Editor’s Note: Barrie Pattison's earlier reports on the Italian Film Festival can be found if you click on the following film titles After the War, I Can Quit Whenever I Want to: Masterclass, Let Yourself Go, Messy Christmas, Stories of Love that cannot Belong to this World, These Days & Sicilian Ghost Story, From Naples with Love & Ignorance is Bliss, Fortunata & The Intruder, Wife and Husband, Tenderness and It's the Law
The film is unrelievedly grim and it is undermined by the rather precious device of cross cutting Isabella Ragonese’s hard lot with the dance performances of her downstairs neighbour Eva Grieco, their brass instrument accompaniment blaring on the track of both.
Ragonese is a mother of four who finds herself working as a waitress two hours away from her home, getting up at four thirty in the morning, catching an unreliable bus and train and being docked by boss Marzio Romano Falcione for late arrivals.

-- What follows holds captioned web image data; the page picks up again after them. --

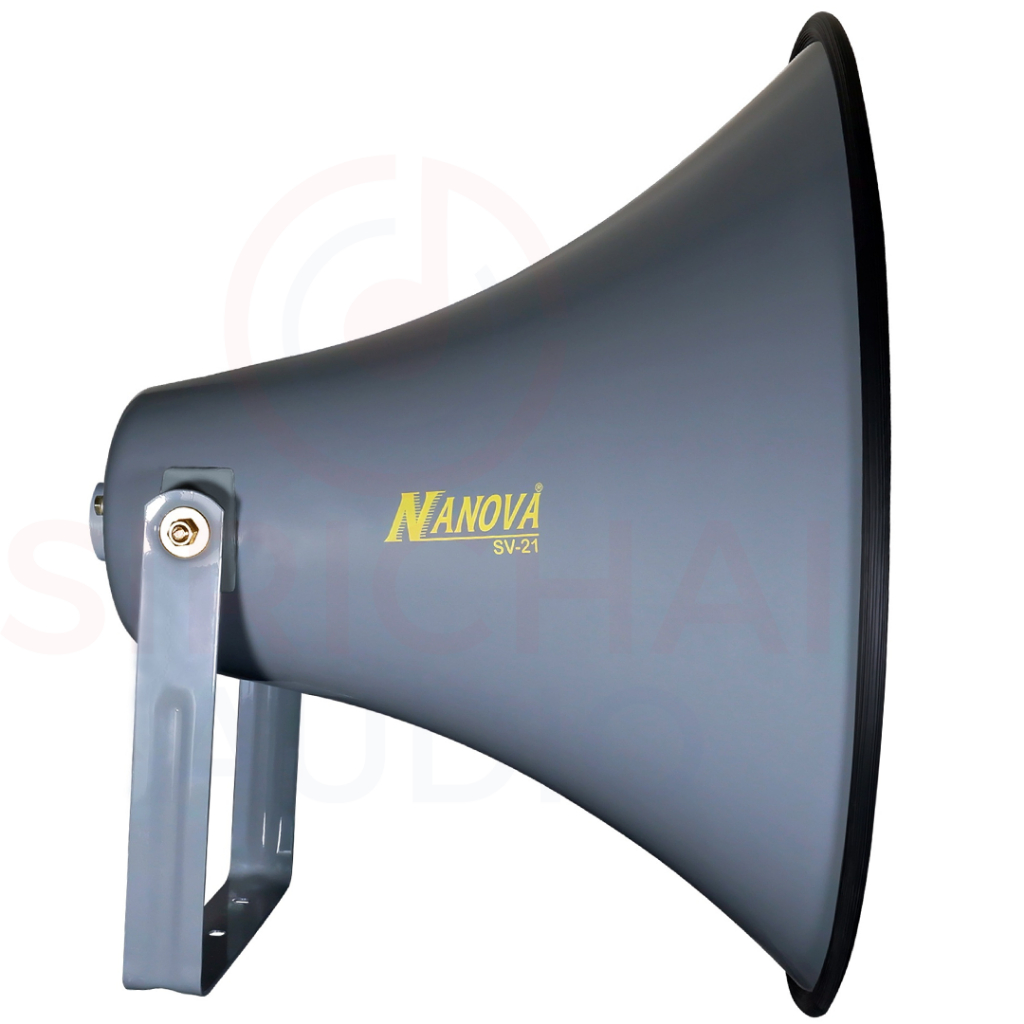 ลำโพงฮอร์น21นิ้ว NANOVA รุ่น SV21 + NU200WL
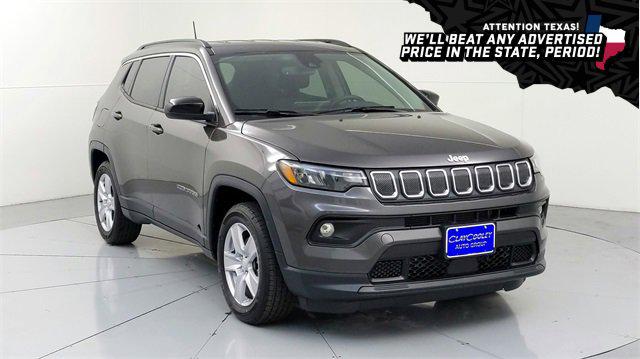 2022 Jeep Compass Latitude FWD 2022 Jeep Compass Latitude FWD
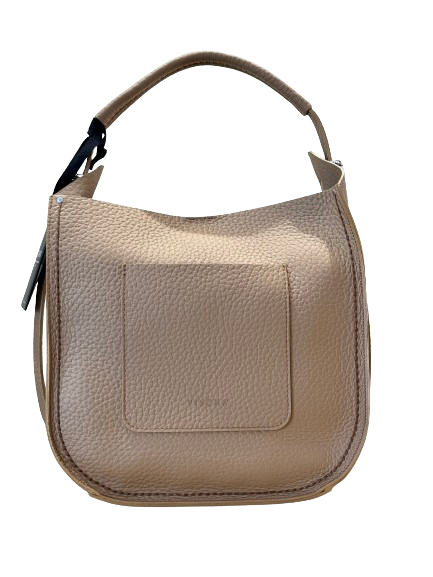 Borsa Queen grande tan - PLINIO VISONA'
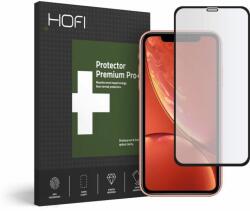 Edzett üveg Doop Hybrid Glass Iphone 11 / Xr Black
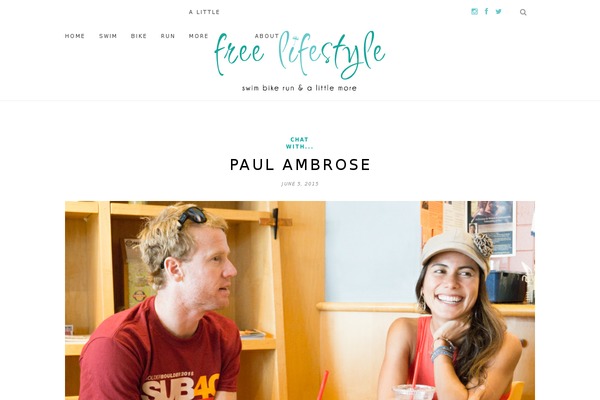 Uplift theme site design template sample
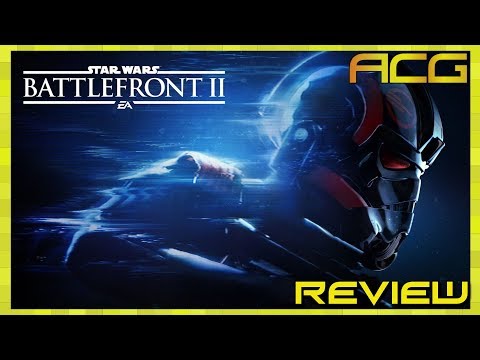 Star Wars Battlefront II Review "Buy, Wait for Sale, Rent, Never Touch?" - UCK9_x1DImhU-eolIay5rb2Q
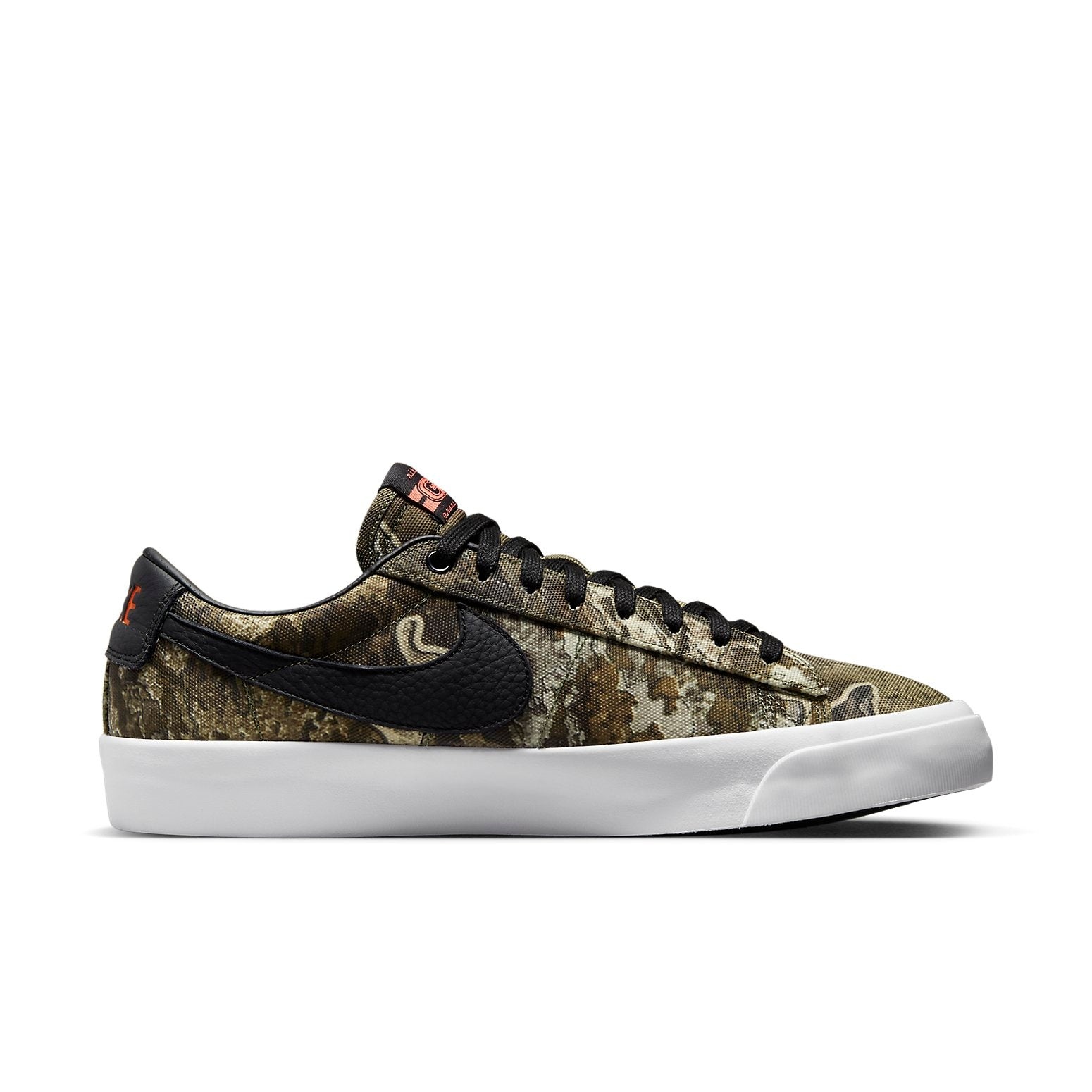 Nike Blazer Low Pro GT Premium SB 'Olive Realtree' DO9398-002 - 2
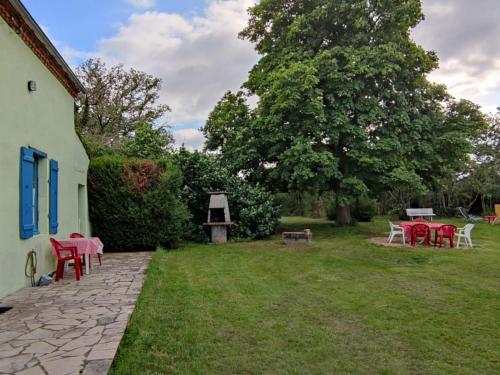 Gîte Saint-Didier-la-Forêt, 3 pièces, 5 personnes - FR-1-489-316 : Maisons de vacances proche de Saulzet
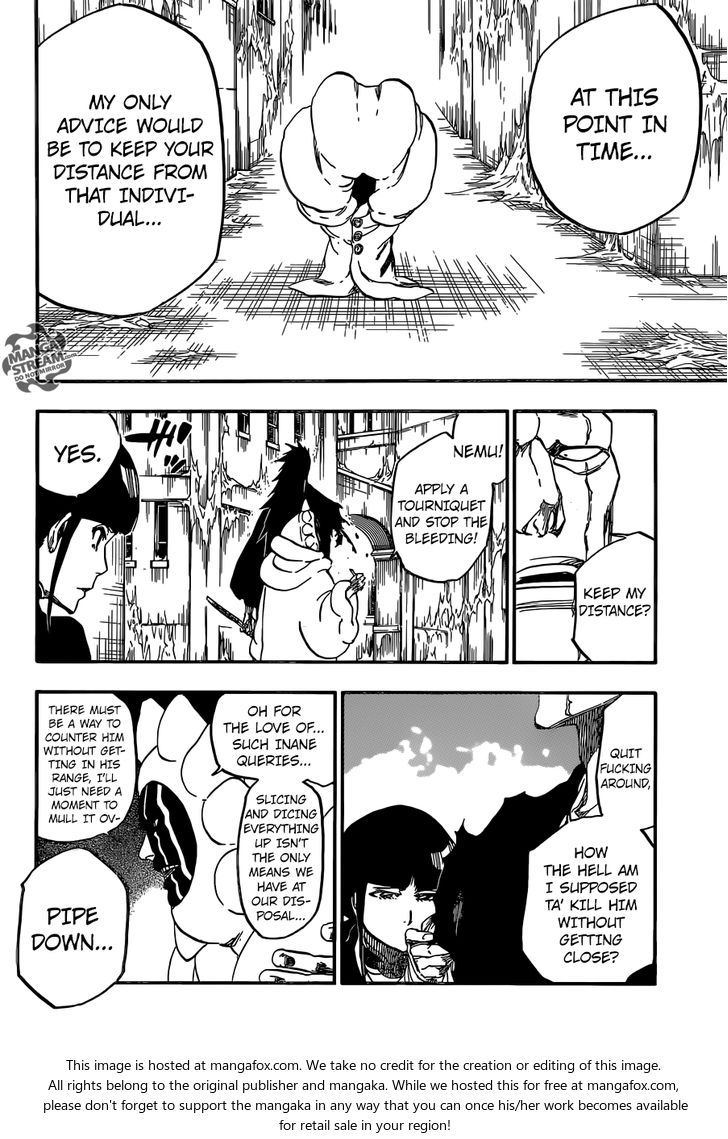 Read Bleach Manga Online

One of the film’s strengths is that both she and the film see his point of view, having hired her on the basis that she would work his seven day week and having to placate his dissatisfied ex cashier wife and expect the same standard of competence from his Arab student beginner counter hand. There is a nice exchange with Ragonese who is surprised that the girl enjoys male pin ups and is told “There are a billion Arabs don’t expect them all to be idiots.”
Unemployed husband Francesco Montanari is doing his best. He looks after the kids and provides a spliff to smoke on the balcony of their sea on both sides flat but Ragonese is too exhausted to get involved in sex with him.
The pressure on her mounts plausibly but not all that involvingly, piling grief upon grief. Throw in a lesbian shower scene and a little girl singing "Sole, cuore, amore" in the cafe.